Solution: Consider $A=(0,1/n), n\geq N$. Now $\nexists U_N$ which can cover $A$.Hence no Lebesgue number exist.
Is my arguement valid? Thanks for help.
As I have said, it is enough to show that for any $\delta > 0$ there exists some $A\subseteq X$ s.t. $\text{diam}(A) < \delta$ but $A \not\subseteq U_n$ for any $n \in \mathbb{N}$.

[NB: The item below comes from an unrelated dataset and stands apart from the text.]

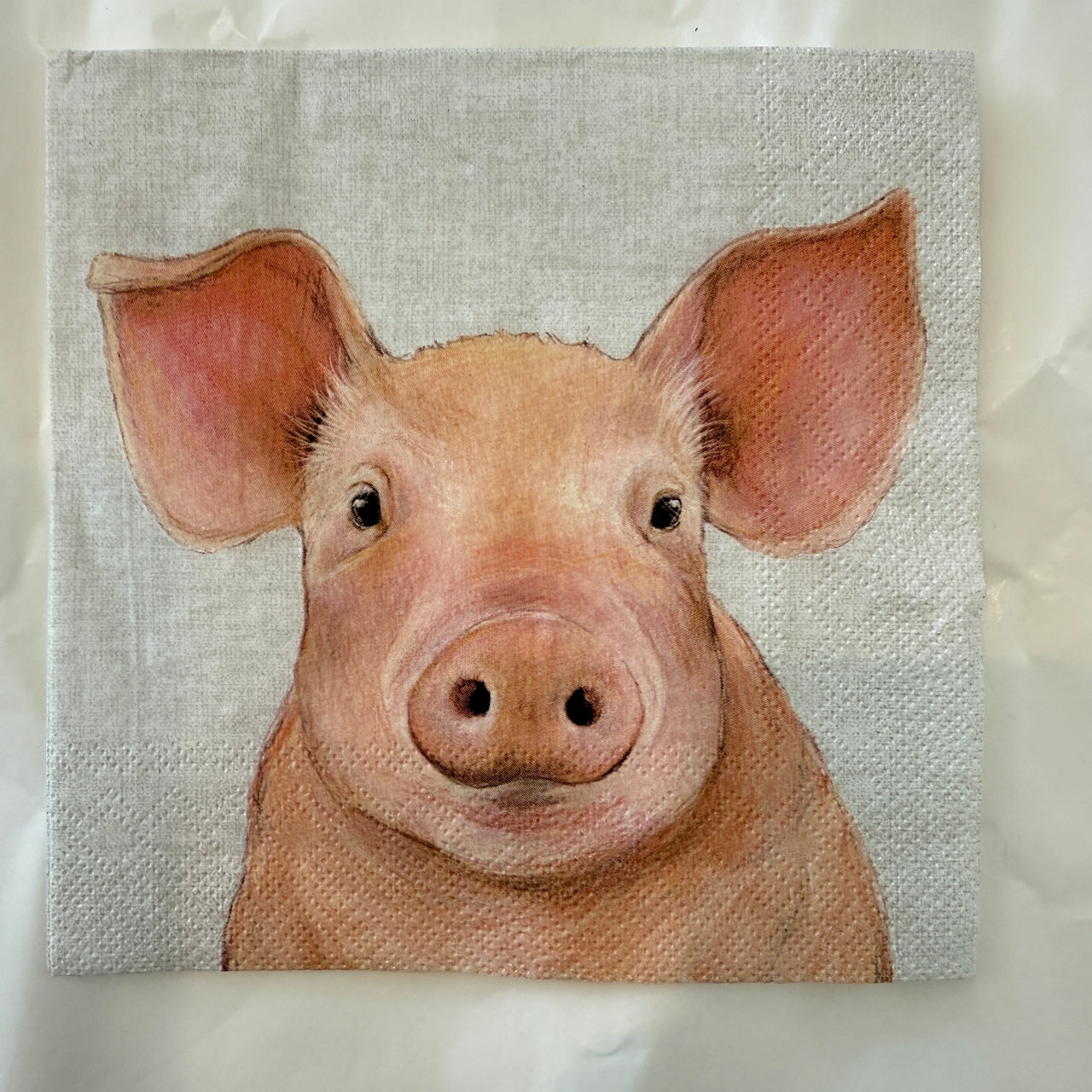 Napkin - Farm Pig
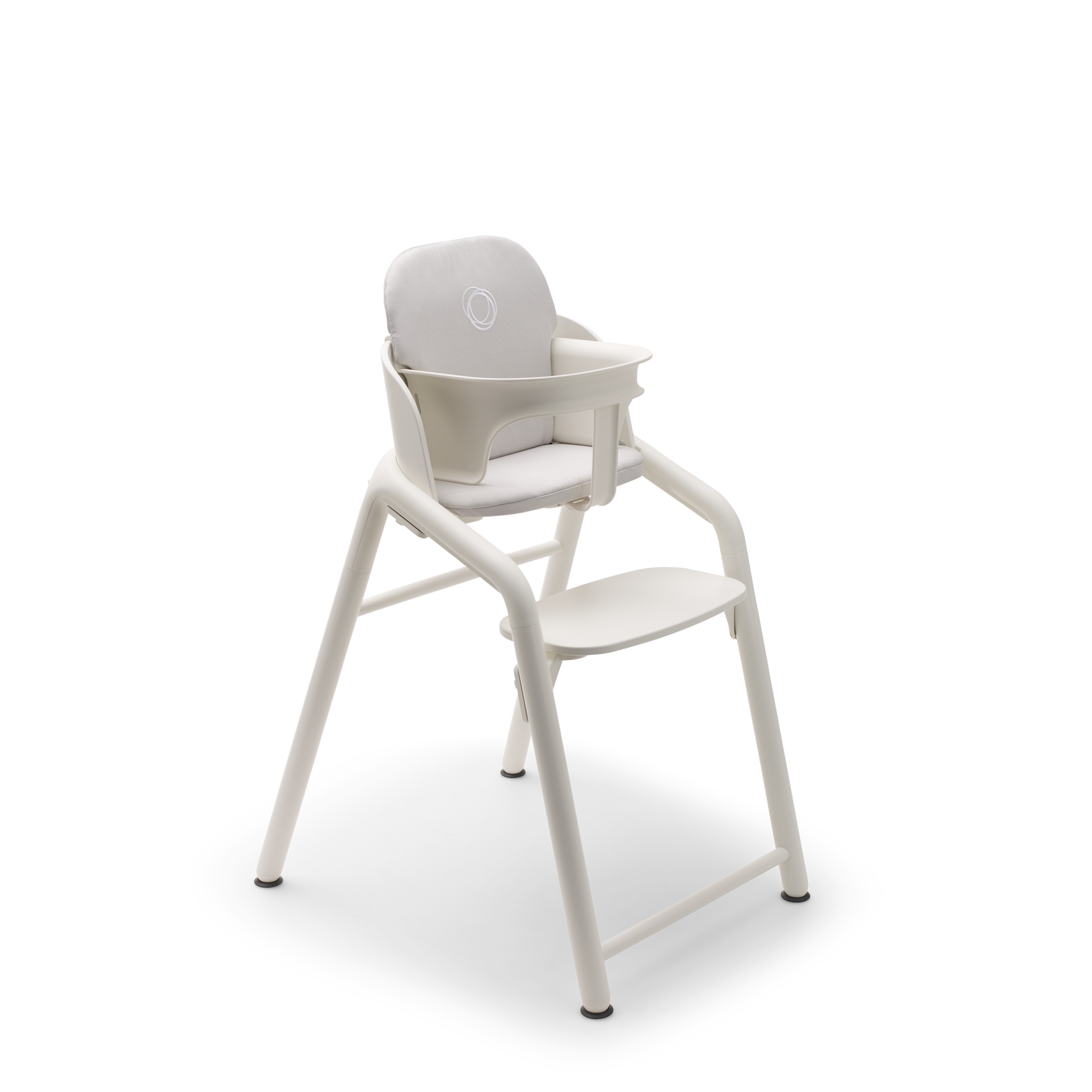 Bugaboo Giraffe chair with baby set and baby pillow set in white. - Thumbnail Slide 2 of 3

So let $\delta > 0$ be arbitrary. Then consider $A := (0, \frac{1}{n})$ with $n \in \mathbb{N}$ s.t. $\frac{1}{n} < \delta$. Then we have $\text{diam}(A) = \frac{1}{n} < \delta$. Now we just need to show that $A \not\subseteq U_n$ for any $n \in \mathbb{N}$. To show this, we need to show that for any $n \in \mathbb{N}$ there exists some $x \in A$ s.t. $x \not\in U_n$.
So let $n \in \mathbb{N}$ be arbitrary. Then choose $x := \frac{1}{2n}$. Then we have $x \not\in U_n$. This concludes the proof.